Watching Bulls and Pacers, I hope that they meet in the playoffs before Miami.

Noah and Boozer can sure wear Hibbert and West down (Especially West).

Boozer is bullying West right now.


----------



## Wade2Bosh (Mar 31, 2004)

Bosh gets his 1st basket of the game


----------



## zanshadow (Jun 26, 2013)

Boozer and Noah got abused in their last match up though. We'll see...


----------



## zanshadow (Jun 26, 2013)

Air Ball on wide open look? LoL,

kiddin me?


----------



## Wade2Bosh (Mar 31, 2004)

Walker drawing fouls on everybody


----------



## Dee-Zy (Jan 12, 2006)

zanshadow said:


> Boozer and Noah got abused in their last match up though. We'll see...

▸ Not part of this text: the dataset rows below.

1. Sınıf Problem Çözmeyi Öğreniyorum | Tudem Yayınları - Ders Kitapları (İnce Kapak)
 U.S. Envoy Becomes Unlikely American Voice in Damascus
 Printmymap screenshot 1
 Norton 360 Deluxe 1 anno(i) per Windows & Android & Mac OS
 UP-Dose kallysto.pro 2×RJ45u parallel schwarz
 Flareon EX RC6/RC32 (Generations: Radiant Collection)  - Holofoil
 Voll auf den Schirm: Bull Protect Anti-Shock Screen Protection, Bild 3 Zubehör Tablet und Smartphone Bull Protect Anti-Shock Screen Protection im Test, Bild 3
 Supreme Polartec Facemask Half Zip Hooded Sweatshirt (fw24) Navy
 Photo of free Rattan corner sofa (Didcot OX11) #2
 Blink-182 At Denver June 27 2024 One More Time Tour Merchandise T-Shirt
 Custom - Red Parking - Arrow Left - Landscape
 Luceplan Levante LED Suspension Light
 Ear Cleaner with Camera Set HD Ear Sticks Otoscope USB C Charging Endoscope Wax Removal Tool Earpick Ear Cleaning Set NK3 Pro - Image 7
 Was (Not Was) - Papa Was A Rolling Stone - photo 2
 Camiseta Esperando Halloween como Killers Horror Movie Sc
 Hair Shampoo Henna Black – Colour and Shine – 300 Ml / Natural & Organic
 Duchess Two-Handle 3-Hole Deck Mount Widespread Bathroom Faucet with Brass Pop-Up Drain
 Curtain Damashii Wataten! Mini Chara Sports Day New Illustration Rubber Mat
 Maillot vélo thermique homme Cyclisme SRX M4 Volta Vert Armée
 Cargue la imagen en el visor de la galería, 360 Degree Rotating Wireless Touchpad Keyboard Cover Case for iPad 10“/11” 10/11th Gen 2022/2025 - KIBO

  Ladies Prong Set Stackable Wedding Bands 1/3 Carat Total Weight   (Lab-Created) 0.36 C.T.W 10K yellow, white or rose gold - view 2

With Rose getting more attention, it might be a little different. Pacers just woke up. I think they will win tonight but Boozer can do whatever he wants with West. Then again, Boozer tends to disappear in the playoffs.


----------



## Wade2Bosh (Mar 31, 2004)

Foul after foul after foul.


----------



## Wade2Bosh (Mar 31, 2004)

Wade playing like shit tonight.

Heat only up 3 with the bobcats shooting 32%.


----------



## doctordrizzay (May 10, 2011)

Wade looks so damn lazy...like he's too good to give a good effort


----------



## Wade2Bosh (Mar 31, 2004)

Bosh gets his 5th foul. Now gets a T.

Frustrating night for Bosh.


----------



## Wade2Bosh (Mar 31, 2004)

Now a T on Spo.

bobcats missed both technical free throws.


----------



## zanshadow (Jun 26, 2013)

Wow. Jefferson-less Bobcats, and we have Bosh struggling with fouls. LoL


----------



## Wade2Bosh (Mar 31, 2004)

Bobcats havent hit a FG in like 8 or 9 minutes, are shooting 31%, and the Heat are just up 7.


----------



## Wade2Bosh (Mar 31, 2004)

Nice J by Mike


----------



## Wade2Bosh (Mar 31, 2004)

68-60 after 3

Such a weird game. Heat now at 50% shooting. Bobcats at 32%. Biggest difference is rebounding. Shooting 32%, you'd expect the Heat to have a big lead in rebounding. Yet the Heat only have two more rebounds.


----------



## Wade2Bosh (Mar 31, 2004)

Mason Jr 333


----------



## Wade2Bosh (Mar 31, 2004)

LBJ2Bease alley-oop

Heat up 11. Hopefully they can build on this and not give it up like they did in the 2nd and 3rd quarters.


----------



## Wade2Bosh (Mar 31, 2004)

Here we go again. Quick 4-0 run by the bobcats. 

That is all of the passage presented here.